Track, rank and evaluate open LLMs and chatbots
Compare code model performance on benchmarks
View LLM Performance Leaderboard
Calculate GPU requirements for running LLMs
Search for model performance across languages and benchmarks
Convert PyTorch models to waifu2x-ios format
Calculate memory needed to train AI models
Explore and visualize diverse models
Benchmark AI models by comparison
Evaluate LLM over-refusal rates with OR-Bench
GIFT-Eval: A Benchmark for General Time Series Forecasting
Convert Hugging Face model repo to Safetensors
View and submit LLM benchmark evaluations
The Open LLM Leaderboard is a comprehensive tool designed to track, rank, and evaluate open-source Large Language Models (LLMs) and chatbots. It provides a transparent and standardized platform to compare models based on various benchmarks and metrics, helping developers, researchers, and users make informed decisions. By focusing on performance, efficiency, and capabilities, the Leaderboard serves as a go-to resource for understanding the evolution and advancements in the field of LLMs.
What metrics are used to rank LLMs? The Leaderboard uses a variety of metrics, including performance benchmarks, speed, memory usage, and specific task accuracy to ensure a holistic evaluation of each model.

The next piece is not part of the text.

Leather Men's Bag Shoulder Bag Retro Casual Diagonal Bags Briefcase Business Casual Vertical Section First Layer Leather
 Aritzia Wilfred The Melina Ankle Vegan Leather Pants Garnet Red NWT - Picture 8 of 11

Can I compare custom or non-listed models? Yes, the platform allows users to input custom models for comparison, providing flexibility for researchers and developers working on niche or proprietary LLMs.
How often is the Leaderboard updated? The Leaderboard is updated regularly to reflect new releases and improvements in existing models, ensuring users always have access to the latest information.